A investigação, publicada esta semana na revista The Lancet Infectious Diseases, foi conduzida por Otavio Ranzani, do Instituto de Investigação Sant Pau, em parceria com Júlio Croda, da Fundação Oswaldo Cruz (Fiocruz). Perante a dimensão da epidemia, que fez do Brasil um cenário de quase 6,6 milhões de casos e mais de seis mil mortes no ano passado, as autoridades sanitárias locais optaram por priorizar a vacinação em adolescentes entre os 10 e os 14 anos. Esta faixa etária, sabe-se, representa nos contextos endémicos um grupo com elevada incidência de casos sintomáticos e risco clínico considerável.

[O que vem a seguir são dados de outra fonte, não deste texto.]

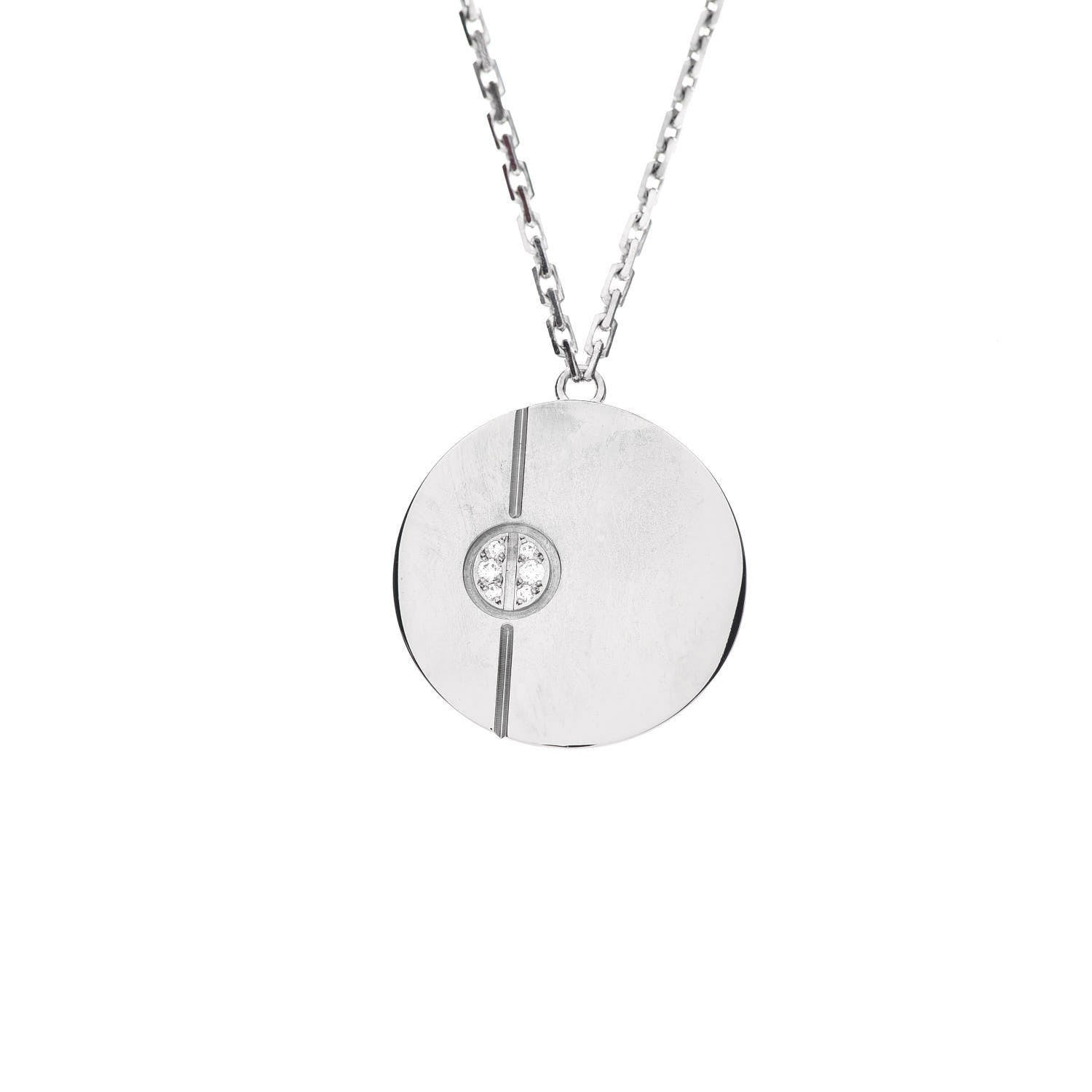 Cartier 18K White Gold Diamond LOVE Medallion Pendant Necklace 4 of 7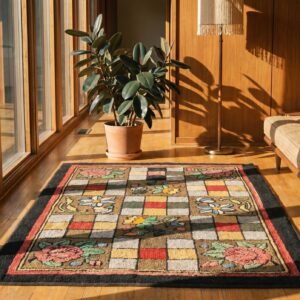 Small Scatter Size Antique Geometric Checkered Floral Pattern American Hooked Folk Art Rug (SKU 17658) - room view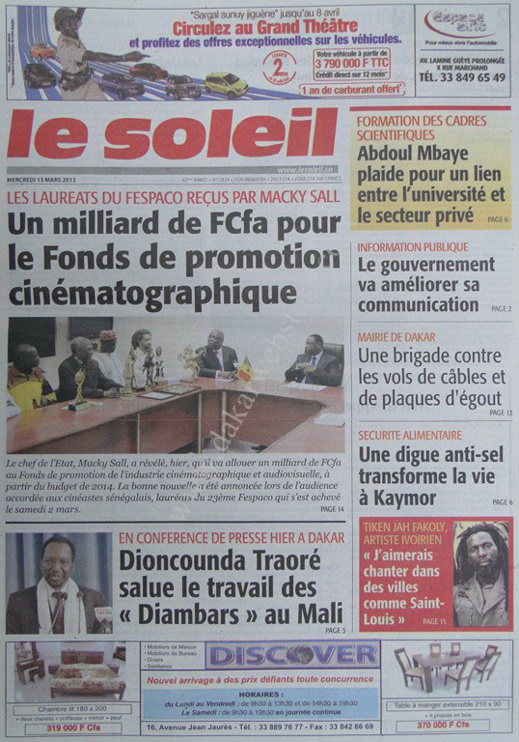 A la Une du Journal Le Soleil du mercredi 13 mars 2013 A la Une du Journal Le Soleil du mercredi 13 mars 2013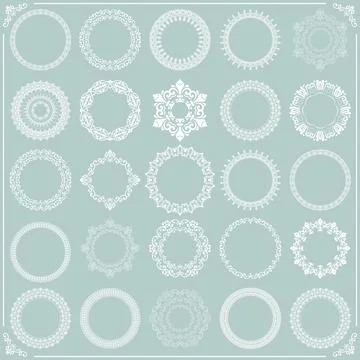 Vintage Big Set of Round Vector Patterns Illustrazione stock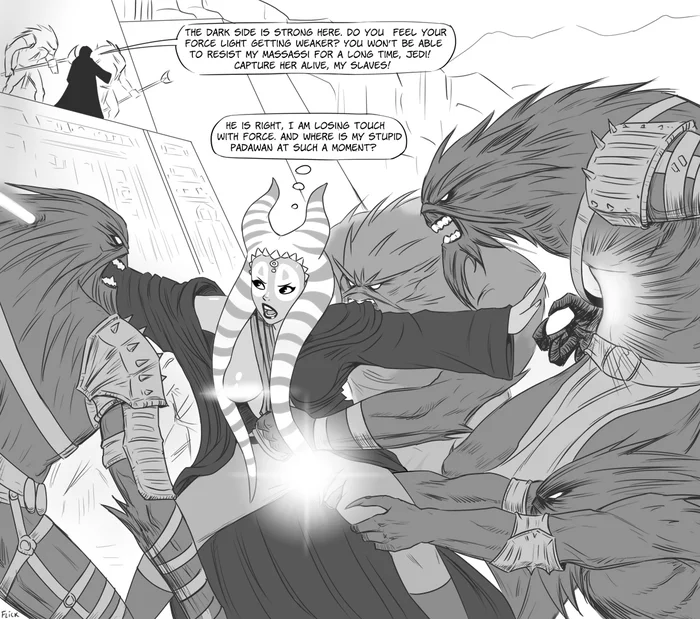 A Jedi Togruta in a Difficult Situation - NSFW, Flick-the-thief, Star Wars, Jedi, Togruta, Shaak Ti, Art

A campanha de imunização, que avançou em plena turbulência epidemiológica, administrou perto de 690 mil doses da Qdenga, uma vacina tetravalente desenvolvida para conferir proteção contra os quatro serotipos do vírus. A equipa de Ranzani e Croda meteu então as mãos na massa, analisando os registos de mais de 90 mil adolescentes que apresentaram febre aguda e foram sujeitos a testes laboratoriais para confirmar ou excluir a dengue. A análise comparou a taxa de vacinação entre os que testaram positivo e os que testaram negativo, um método que permite aferir a efetividade real da vacina fora do ambiente controlado dos laboratórios.
Os resultados apontam para uma quebra de aproximadamente 50% nos casos sintomáticos da doença após uma única dose. Com a segunda dose, essa proteção sobe para 62%, um patamar que os investigadores consideram robusto. Mas talvez o dado mais impressionante, ainda que sujeito à volatilidade dos números iniciais, seja o dos internamentos: uma única injecção conseguiu evitar 68% das hospitalizações no grupo estudado. A proteção, contudo, não se mostrou eterna. O estudo detetou o início da imunidade catorze dias após a primeira dose, uma proteção que se manteve firme nos três meses seguintes, mas que depois começou a esmorecer. Este pormenor vem sublinhar a necessidade premente de completar o esquema vacinal de duas doses para se obter uma defesa mais duradoura.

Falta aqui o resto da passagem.